He has imported his Chinese woman :(

67 replies

CowsGoMoo · 24/06/2008 15:04

Hi, don't know if anyone remembers my thread from a while back regarding my husband coming back from his business trip to Beijing and being 'odd'?

Well I found out last night that he has finally imported her into the country, minus the baby and has installed her at his parents house

I managed to get a job recently (at a school) and start on the 3rd July (Thurs) as the children's school finishes on the 4th July and my new school job term doesn't end until the 23rd July i had asked his mum to look after the children....

but now Chinese woman is there, what am I to do? have spoken to every nursery childminder in the county and there is no one who can help me out. I am desperate for the kids not to meet her.

Why is she at my mil and fil's?????? why is she even in this country without her child? what sort of woman is she?

help me, my once sane life is a mess and im often to be found on the floor, being trodden upon by everyone.

CGM x

OP posts:
Alexa808 · 30/06/2008 06:47

CGM, I really hope you do realize what a treacherous loon he is. Do not let him get away with a 50 quid divorce and lousy separation.

Seek out a solicitor and name and shame both of them. Trust me, it will make a difference if you name both of them as an adulterer and as the third party. For future reference (also for your dc and potential new partners for you and his business acquaintances to see) it will be noted in public record what they did and he will never be able to lie to your dc, neighbours, friends, etc. It has nothing to do with vengeance but to tell the true sory and cover your own behind.

Oh well done on you for getting that job!!! I remember the interview you told us about.
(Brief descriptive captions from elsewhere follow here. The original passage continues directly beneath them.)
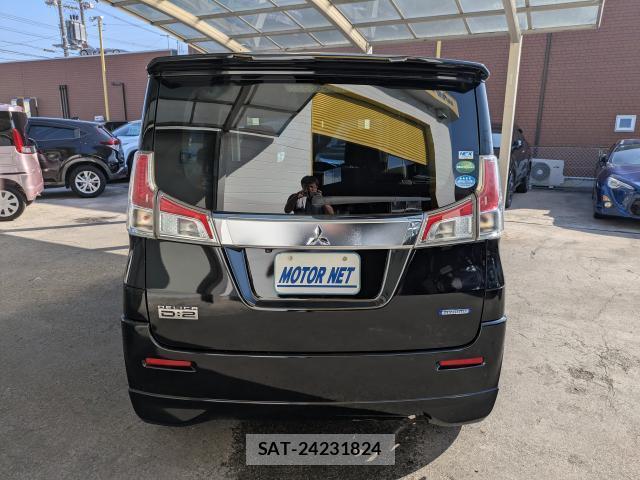Mitsubishi DELICA 2017-08 8054338-13
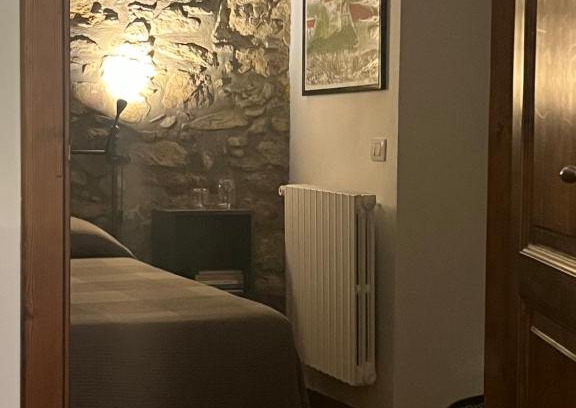 Caltagirone House | Inviting Cottage 2 Nestled in Scenic Vineyards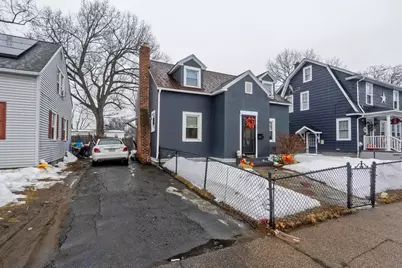 35 Merrimac Ave, Springfield, MA 01105 - Photo 3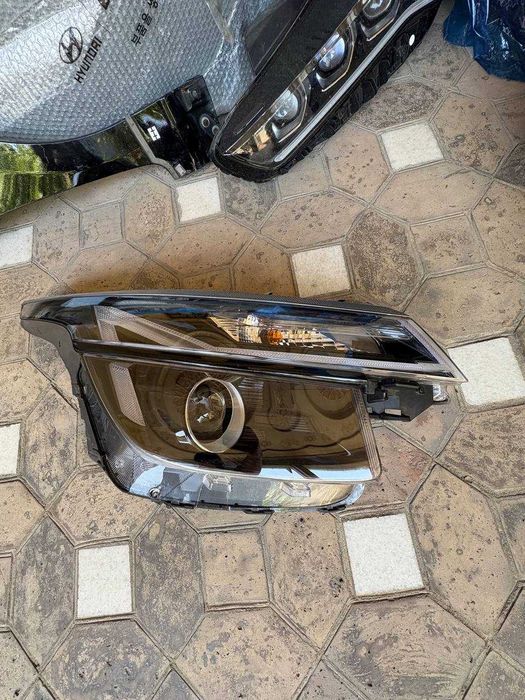 KIA Seltos oldi fara chap va o'ng LH&RH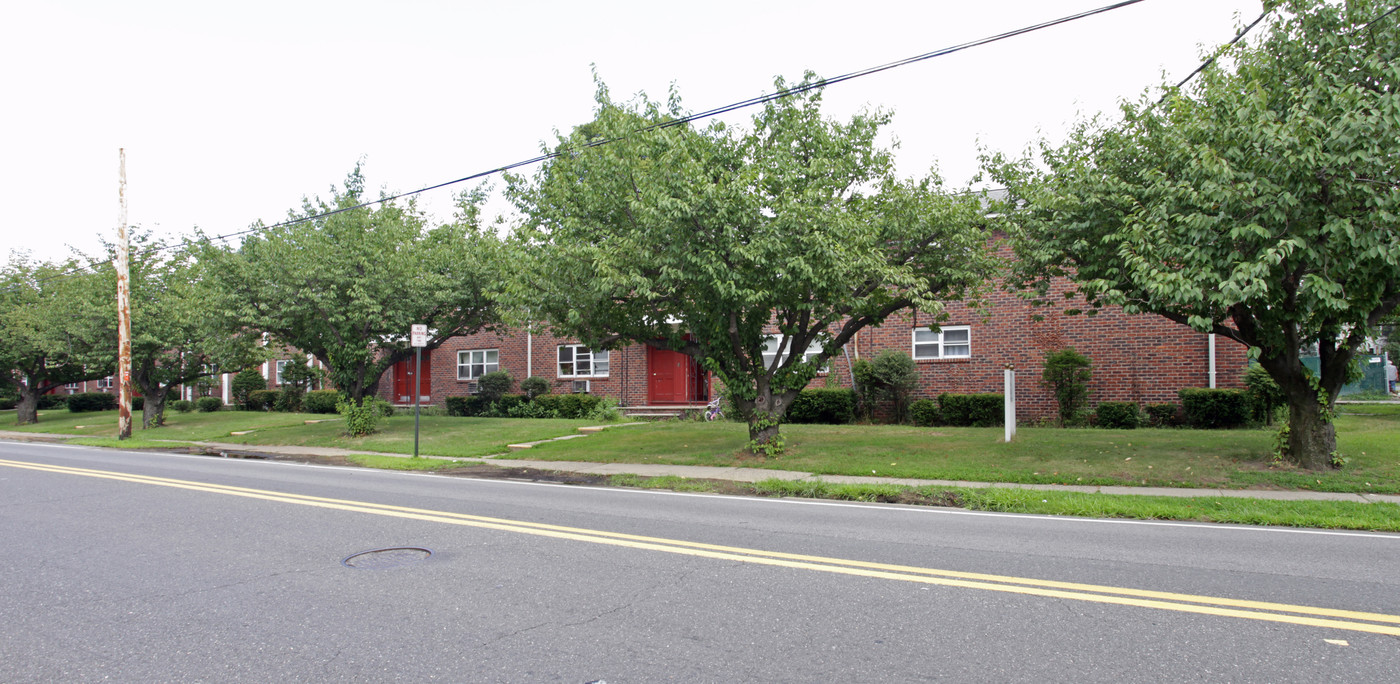 Liberty Street Apartments in Little Ferry, NJ - Building Photo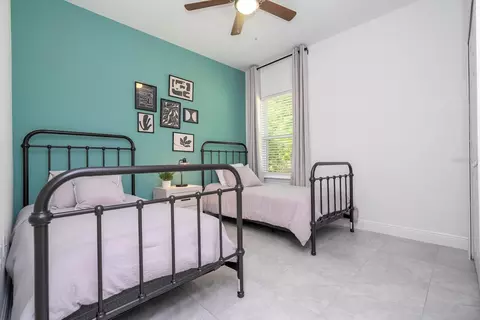 Bedroom - 2224 SW 146th Loop, Ocala, FL 34473 photo 5 of 8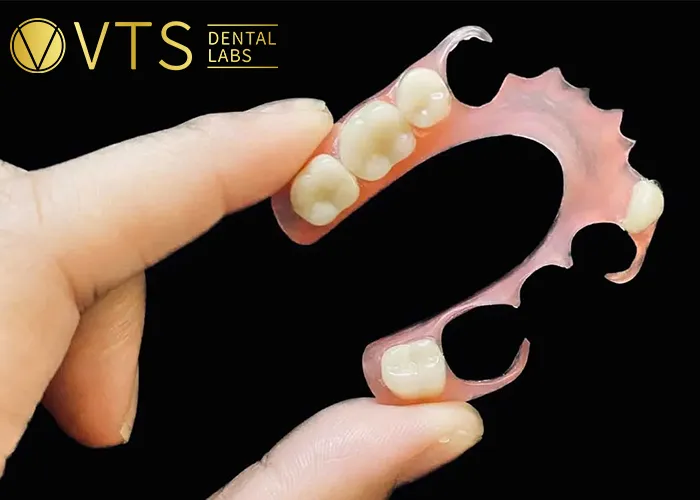 Flexible-Partial-Denture-vs.-Fixed-Which-One-Truly-Fits-Your-Needs?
See how all the pieces fall together. So happy for you, you'll see, this will give you a lift and a chance to get away from it all.

Listen to expat, eidsvold and others. Don't take the path of least resistance. You owe it to your children to fight for them and your/their future!
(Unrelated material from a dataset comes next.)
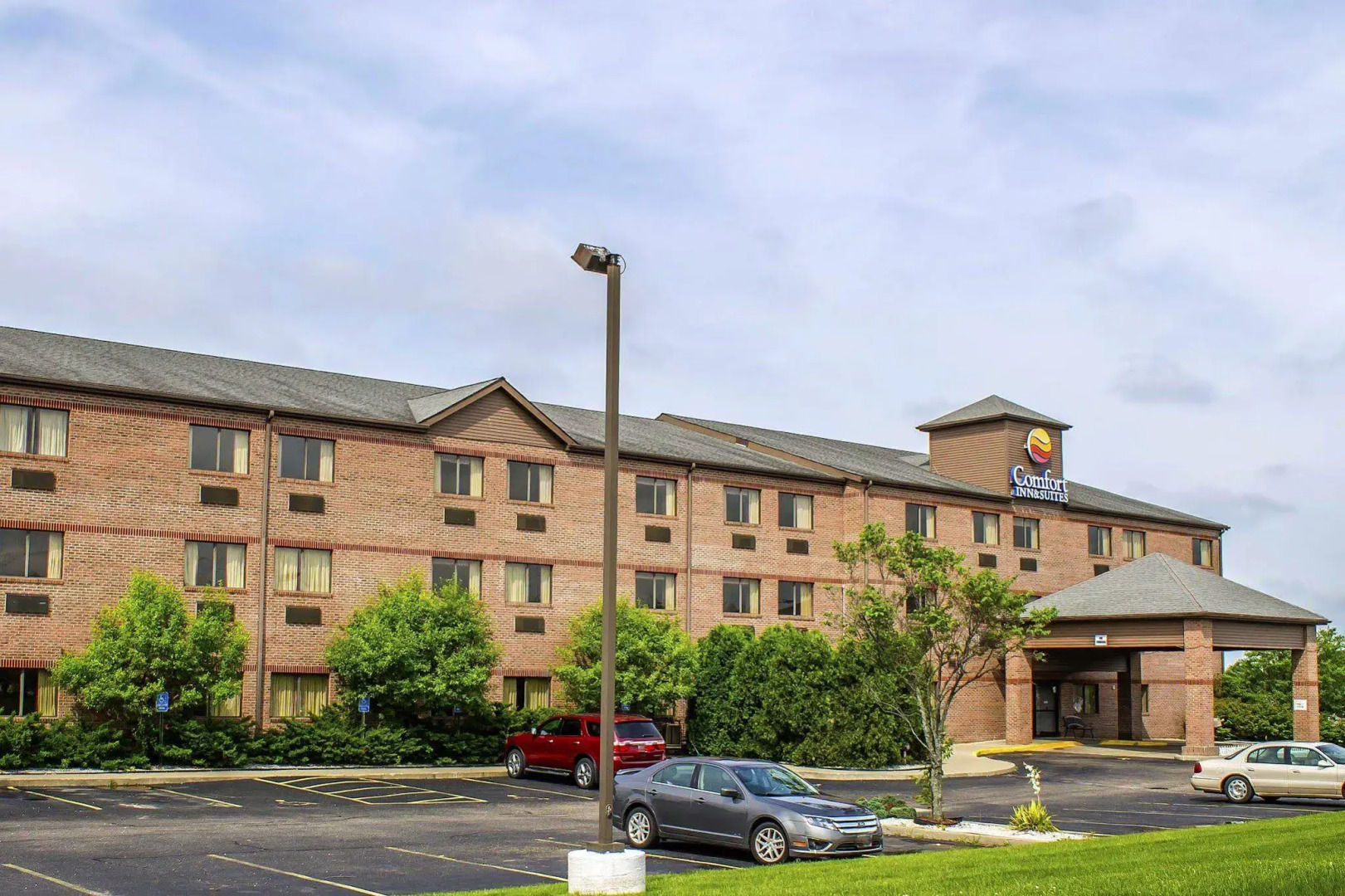 Comfort Inn & Suites Streetsboro - Kent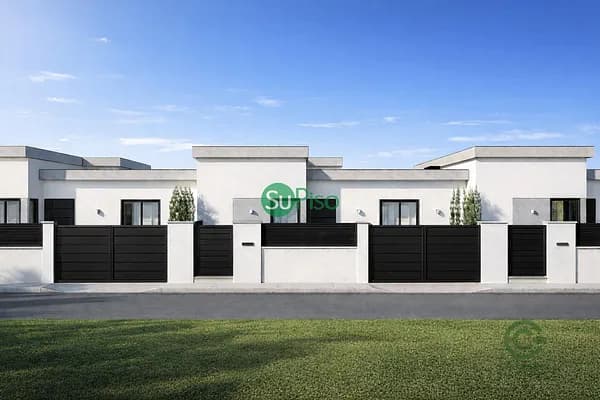 Casa de 0,0179 ha en venta en Yeles, Toledo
Can't help with the vivid dreams I'm afraid but nothing a good electric helper and a naughty novel (The butcher, the baker, the candlestick maker) couldn't sort.

Please don't waste your energy on OW. You are who you are. So she has a better figure well, who cares if she has the lower jaw of a donkey and the personality of a worm. Honestly, comparisons do not get you ahead in life. They just te you down and wear you out. You are his wife, mother of his children, you are CGM and just perfect the way you are! Save your energy for the court proceedings and file before he does!!
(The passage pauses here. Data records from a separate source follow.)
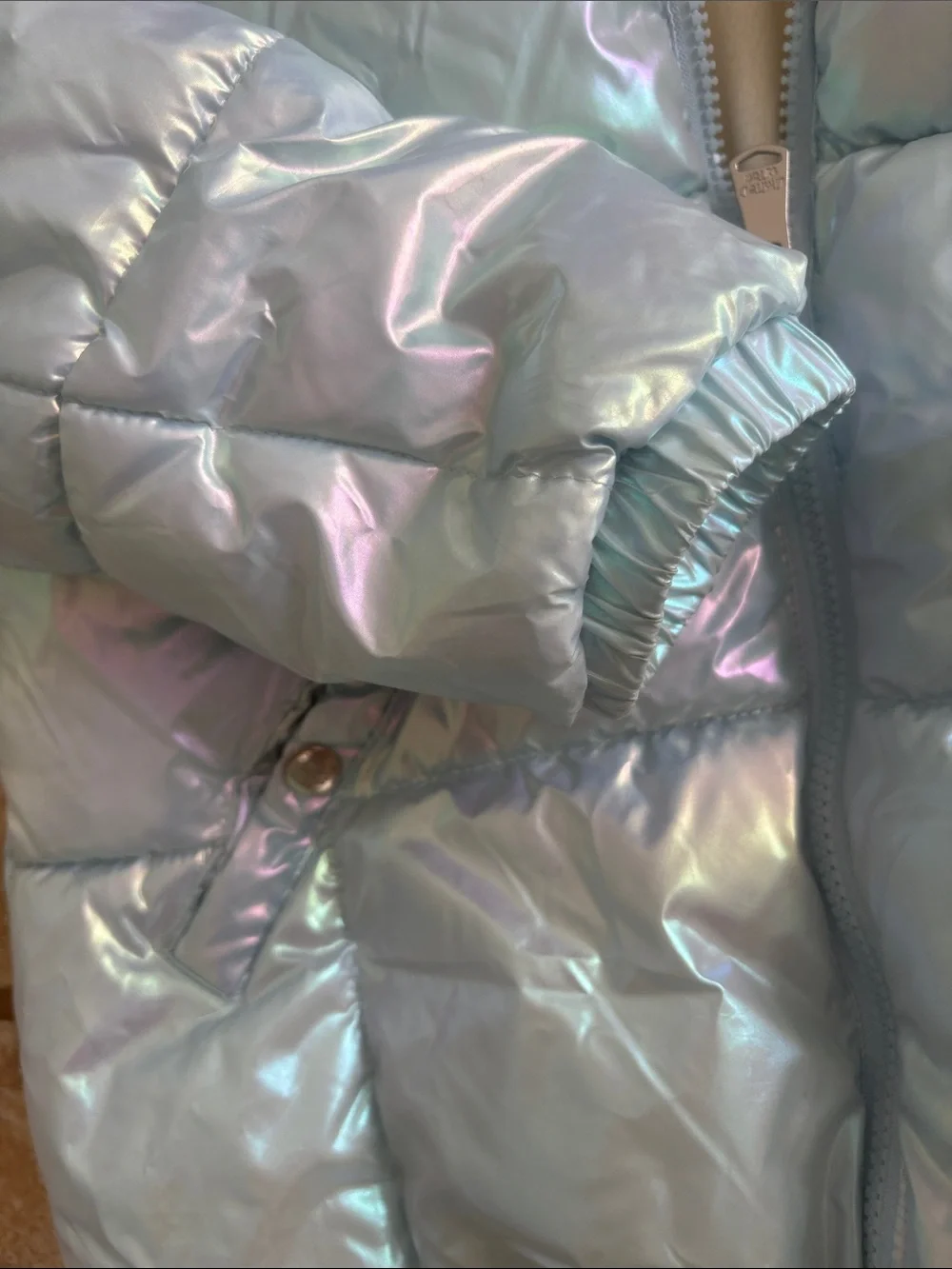 Limited Too girls 14/16 Iridescent Light Blue Kids Puffer Jacket w/Sherpa Hood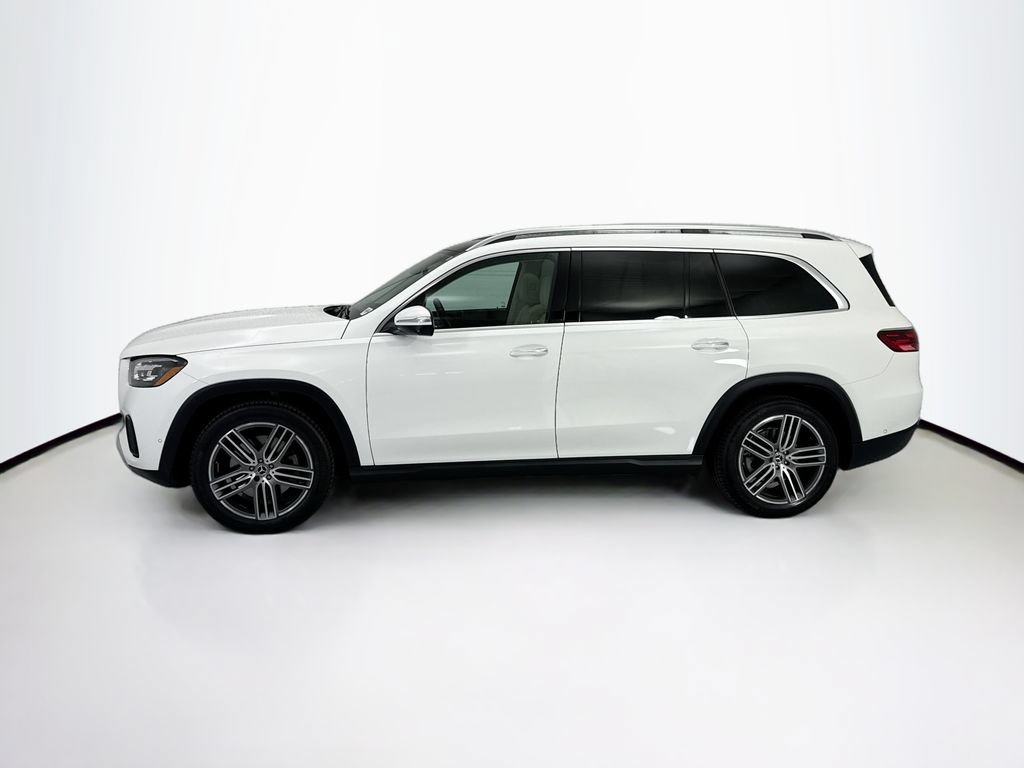 Used 2024 Mercedes-Benz GLS 450 4MATIC image 8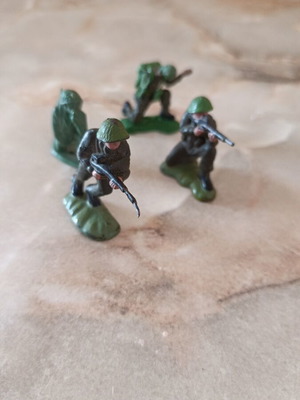 Britains set of 4 soldier figures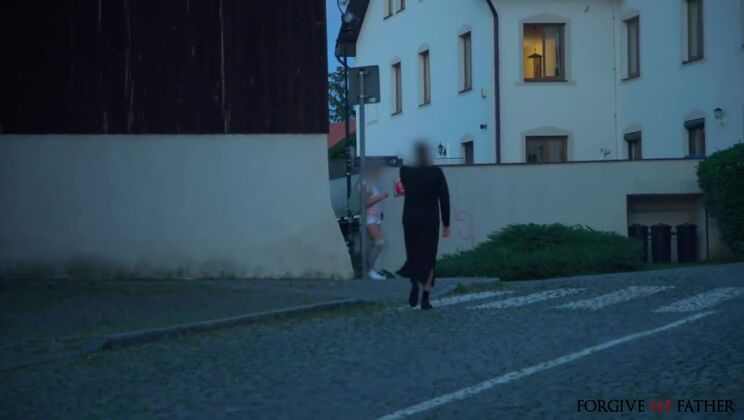 [ForgiveMeFather] - Amateur Teen Blonde Gets Naughty with Priest - Cayla Lyons - George Uhl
Alexa808 · 30/06/2008 06:50

Ah, forgot to add. Why don't you meet your friends next Tuesday to find out how the wind blows and then organize a little party at your house. It'll demostrate you are still standing, you are rallying your friends, you are not ashamed in hiding because you did nothing wrong. Just some punch, snacks, cakes & salads, a garden party for no particular reason. Or if you can't face this, then what about an invite for 8-10 closest friends for Sunday roast or dinner? Show that you're not broken or hiding and that you seek your friends' support in these trying times.

Vian · 30/06/2008 08:50

Completely agree with Alexa. Make sure they are named and shamed.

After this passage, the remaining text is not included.